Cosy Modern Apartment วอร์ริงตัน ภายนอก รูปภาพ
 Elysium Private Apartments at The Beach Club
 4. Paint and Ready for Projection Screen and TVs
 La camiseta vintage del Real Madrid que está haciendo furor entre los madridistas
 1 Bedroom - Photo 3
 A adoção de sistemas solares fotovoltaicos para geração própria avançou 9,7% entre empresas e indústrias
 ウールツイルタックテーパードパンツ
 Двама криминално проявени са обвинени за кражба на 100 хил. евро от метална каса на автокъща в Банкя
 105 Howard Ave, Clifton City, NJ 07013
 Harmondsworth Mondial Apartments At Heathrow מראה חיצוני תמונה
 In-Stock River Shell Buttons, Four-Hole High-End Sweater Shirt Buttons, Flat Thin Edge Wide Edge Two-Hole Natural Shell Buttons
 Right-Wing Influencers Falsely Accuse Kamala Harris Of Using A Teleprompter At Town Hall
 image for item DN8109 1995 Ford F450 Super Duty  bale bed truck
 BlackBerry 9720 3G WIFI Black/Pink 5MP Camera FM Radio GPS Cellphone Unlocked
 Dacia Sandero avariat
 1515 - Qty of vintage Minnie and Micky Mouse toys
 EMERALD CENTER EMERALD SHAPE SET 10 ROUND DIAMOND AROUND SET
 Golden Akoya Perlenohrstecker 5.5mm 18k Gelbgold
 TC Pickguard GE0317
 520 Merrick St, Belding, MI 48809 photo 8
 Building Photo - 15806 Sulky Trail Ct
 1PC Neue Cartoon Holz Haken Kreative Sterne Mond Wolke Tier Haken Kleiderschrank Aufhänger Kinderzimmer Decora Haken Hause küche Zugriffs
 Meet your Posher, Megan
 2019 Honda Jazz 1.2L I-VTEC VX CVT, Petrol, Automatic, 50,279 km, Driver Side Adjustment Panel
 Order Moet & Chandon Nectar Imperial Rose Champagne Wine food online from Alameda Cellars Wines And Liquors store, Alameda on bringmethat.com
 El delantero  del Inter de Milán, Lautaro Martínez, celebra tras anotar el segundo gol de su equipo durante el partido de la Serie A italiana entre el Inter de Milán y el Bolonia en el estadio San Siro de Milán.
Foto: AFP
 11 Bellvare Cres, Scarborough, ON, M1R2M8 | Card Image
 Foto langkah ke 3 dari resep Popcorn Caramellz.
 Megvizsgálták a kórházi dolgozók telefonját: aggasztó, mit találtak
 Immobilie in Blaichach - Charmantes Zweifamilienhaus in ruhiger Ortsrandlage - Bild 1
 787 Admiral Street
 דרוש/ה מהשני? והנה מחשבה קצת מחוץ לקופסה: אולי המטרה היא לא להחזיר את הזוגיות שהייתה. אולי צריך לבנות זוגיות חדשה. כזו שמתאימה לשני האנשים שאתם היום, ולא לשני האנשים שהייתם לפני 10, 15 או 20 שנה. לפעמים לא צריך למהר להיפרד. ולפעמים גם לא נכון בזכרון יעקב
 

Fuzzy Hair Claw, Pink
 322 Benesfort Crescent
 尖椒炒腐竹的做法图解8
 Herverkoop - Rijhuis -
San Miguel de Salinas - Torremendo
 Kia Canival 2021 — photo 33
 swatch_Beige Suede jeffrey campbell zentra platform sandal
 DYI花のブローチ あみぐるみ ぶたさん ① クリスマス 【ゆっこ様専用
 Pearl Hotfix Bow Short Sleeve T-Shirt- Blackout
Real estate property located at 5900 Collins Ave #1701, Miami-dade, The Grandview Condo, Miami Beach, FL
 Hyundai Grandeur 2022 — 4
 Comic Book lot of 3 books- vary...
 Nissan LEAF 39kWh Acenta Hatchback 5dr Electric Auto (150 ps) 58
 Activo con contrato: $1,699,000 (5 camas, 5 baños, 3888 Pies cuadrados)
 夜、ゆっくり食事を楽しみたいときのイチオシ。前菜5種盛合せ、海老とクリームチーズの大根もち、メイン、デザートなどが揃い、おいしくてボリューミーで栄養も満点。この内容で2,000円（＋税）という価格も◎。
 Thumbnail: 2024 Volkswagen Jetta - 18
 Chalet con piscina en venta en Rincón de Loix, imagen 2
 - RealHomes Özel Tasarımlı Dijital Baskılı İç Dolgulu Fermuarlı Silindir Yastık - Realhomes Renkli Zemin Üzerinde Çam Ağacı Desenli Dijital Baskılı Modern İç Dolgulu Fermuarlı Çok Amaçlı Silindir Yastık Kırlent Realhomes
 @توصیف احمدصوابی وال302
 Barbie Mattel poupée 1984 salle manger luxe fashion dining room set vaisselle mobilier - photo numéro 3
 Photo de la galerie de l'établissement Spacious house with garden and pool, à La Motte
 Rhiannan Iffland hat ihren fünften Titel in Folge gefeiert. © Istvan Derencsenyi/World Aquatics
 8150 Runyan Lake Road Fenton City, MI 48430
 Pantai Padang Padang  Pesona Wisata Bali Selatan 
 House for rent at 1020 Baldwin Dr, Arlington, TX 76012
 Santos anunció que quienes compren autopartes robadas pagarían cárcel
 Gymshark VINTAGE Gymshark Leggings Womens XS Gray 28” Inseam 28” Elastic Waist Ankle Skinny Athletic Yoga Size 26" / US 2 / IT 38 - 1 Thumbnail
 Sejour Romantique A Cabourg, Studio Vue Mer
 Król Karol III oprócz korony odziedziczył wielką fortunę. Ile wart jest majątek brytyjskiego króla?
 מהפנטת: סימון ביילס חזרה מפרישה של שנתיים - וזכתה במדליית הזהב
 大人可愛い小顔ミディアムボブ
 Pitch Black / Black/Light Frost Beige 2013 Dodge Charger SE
☆ ☆ ☆ ☆
# What the task asks
Your task is to reproduce the entries exactly, starting at the first line and ending with the line containing "Harmondsworth Mondial Apartments".

# Solution to the exercise
Cosy Modern Apartment วอร์ริงตัน ภายนอก รูปภาพ
 Elysium Private Apartments at The Beach Club
 4. Paint and Ready for Projection Screen and TVs
 La camiseta vintage del Real Madrid que está haciendo furor entre los madridistas
 1 Bedroom - Photo 3
 A adoção de sistemas solares fotovoltaicos para geração própria avançou 9,7% entre empresas e indústrias
 ウールツイルタックテーパードパンツ
 Двама криминално проявени са обвинени за кражба на 100 хил. евро от метална каса на автокъща в Банкя
 105 Howard Ave, Clifton City, NJ 07013
 Harmondsworth Mondial Apartments At Heathrow מראה חיצוני תמונה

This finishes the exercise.